START Extracted data

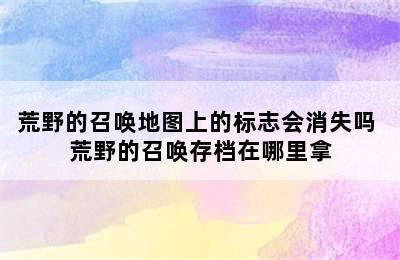 荒野的召唤地图上的标志会消失吗 荒野的召唤存档在哪里拿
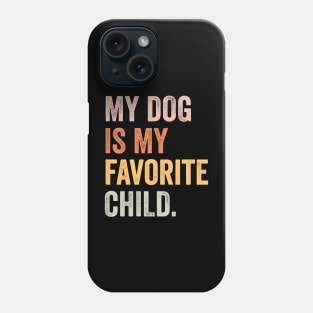 my dog is my favorite child Phone Case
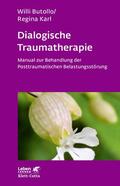 Butollo / Karl |  Dialogische Traumatherapie (Leben Lernen, Bd. 256) | eBook | Sack Fachmedien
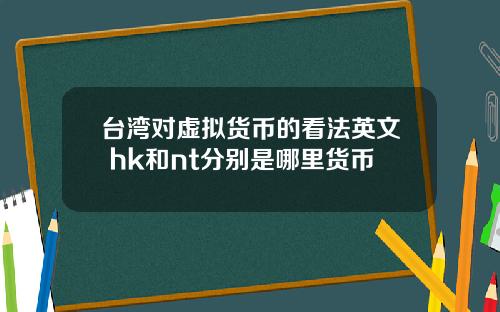 台湾对虚拟货币的看法英文 hk和nt分别是哪里货币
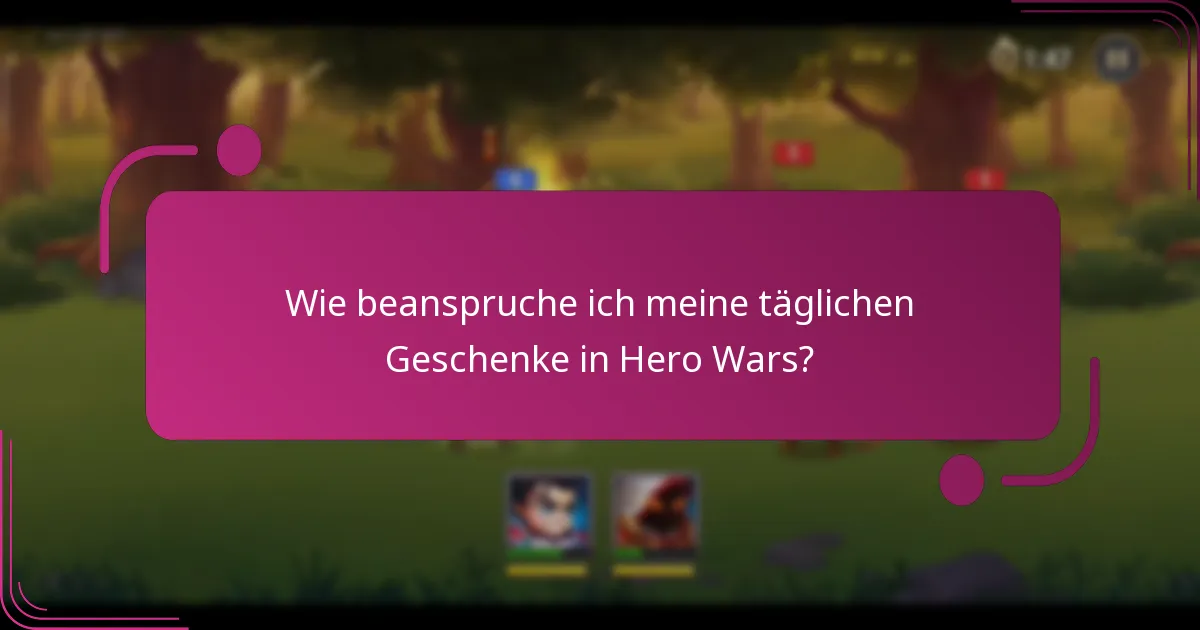 Wie beanspruche ich meine täglichen Geschenke in Hero Wars?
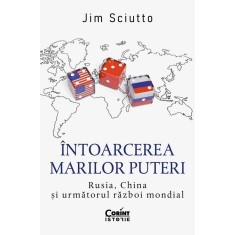 Intoarcerea marilor puteri. Rusia, China si urmatorul razboi mondial, Jim Sciutto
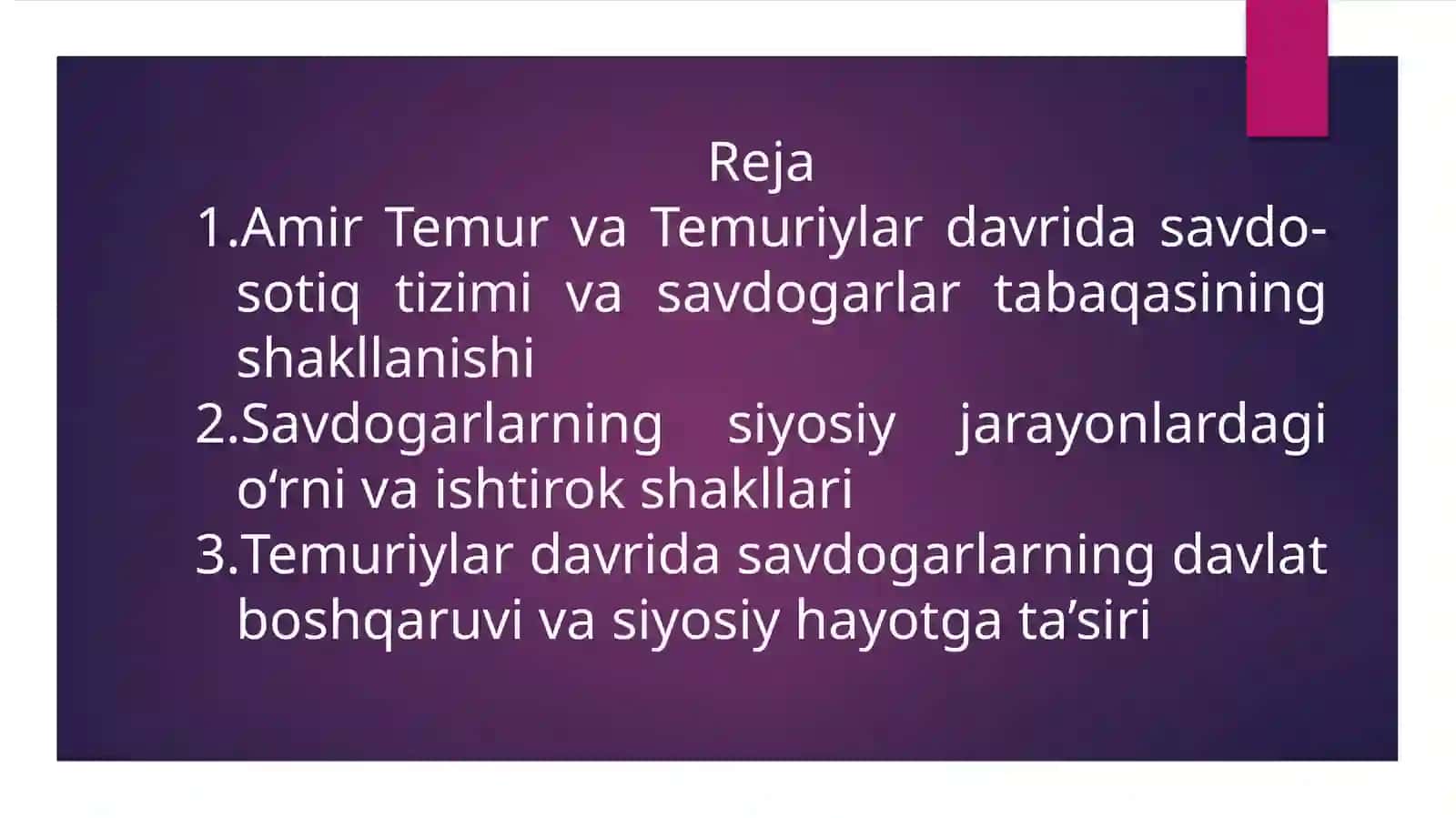 Amir Temur va temuriylar davrida savdogarlarning siyosiy jarayonlardagi ishtiroki 2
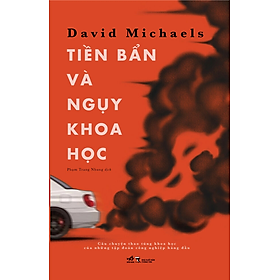 TIỀN BẨN VÀ NGỤY KHOA HỌC -  David Michaels - Phạm Trang Nhung dịch - (bìa mềm)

END Extracted data

[To do] All lines from the start of the entries above through the line containing "Amir Temur va" must be transcribed exactly, both ends included, and no picture may be copied.

[Solution for this exercise]
 荒野的召唤地图上的标志会消失吗 荒野的召唤存档在哪里拿
 my dog is my favorite child Phone Case
 Butollo / Karl |  Dialogische Traumatherapie (Leben Lernen, Bd. 256) | eBook | Sack Fachmedien
 台湾对虚拟货币的看法英文 hk和nt分别是哪里货币
 Wie beanspruche ich meine täglichen Geschenke in Hero Wars?
 Intoarcerea marilor puteri. Rusia, China si urmatorul razboi mondial, Jim Sciutto
 Amir Temur va temuriylar davrida savdogarlarning siyosiy jarayonlardagi ishtiroki 2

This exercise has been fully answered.